Asian crisis seen shifting insurance rules
Asian crisis seen shifting insurance rules
SINGAPORE (Reuters): Asia's economic crisis has triggered a shift towards a more Western-style supervision of insurance solvency and capital levels, industry experts say.
Although insurers face at least two years of painful recovery from the fallout of a financial crisis that has rocked Asian economies, the systems that have crumbled would be replaced with more robust regulatory regimes.
While investment income and premiums were expected to fall in the wake of the financial crisis, losses would result from exposure to depreciating currencies and claims costs would rise.
Changing the regulatory focus to financial strength would see Asian insurers consolidate to compete on the international stage.
"The crisis has set Asia moving towards the Western model of building an industry that is strong in terms of solvency and capital," said Philip Moore, partner for financial institutions consulting with accountancy firm Coopers & Lybrand in Hong Kong.
The turmoil, entering its sixth month, has highlighted the relative weakness of some domestic Asian insurers with high exposure to plunges in stock and currency values.
The position of some smaller insurers has become tenuous as slower premium flows hit, the result of falling incomes and the suspension of investment in key infrastructure projects.

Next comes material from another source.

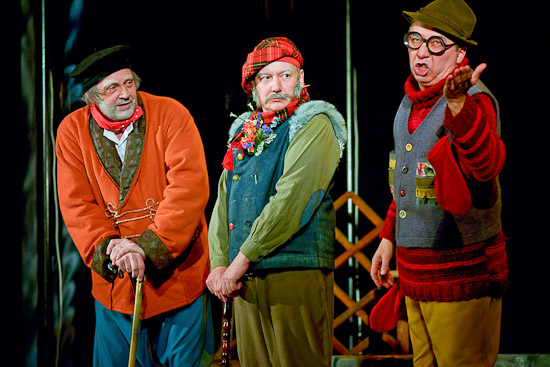 Сцена из спектакля &laquo;Ветер в тополях Ж. Сиблейраса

The potential of a number of insurance failures has sparked a review of the need for more regulation of solvency and capital and less supervision of premium rates and product lines, the more typical regulatory style in Asia, Moore said.
"The one over-riding thing that a regulator hates is an insolvent company. It's the sort of thing that gets an insurance commissioner hauled up before his minister and sacked," Moore told Reuters in a telephone interview.
"You can hear regulators around Asia saying they want consolidation. They want bigger companies, better capitalized," Moore said.
Prudential governance, strong solvency, high capitalization and good transparency are key elements of the Western system.
They are getting higher on Asia's agenda as the influence of the International Monetary Fund grows through the billions of dollars it is pumping into the region to resolve the crisis.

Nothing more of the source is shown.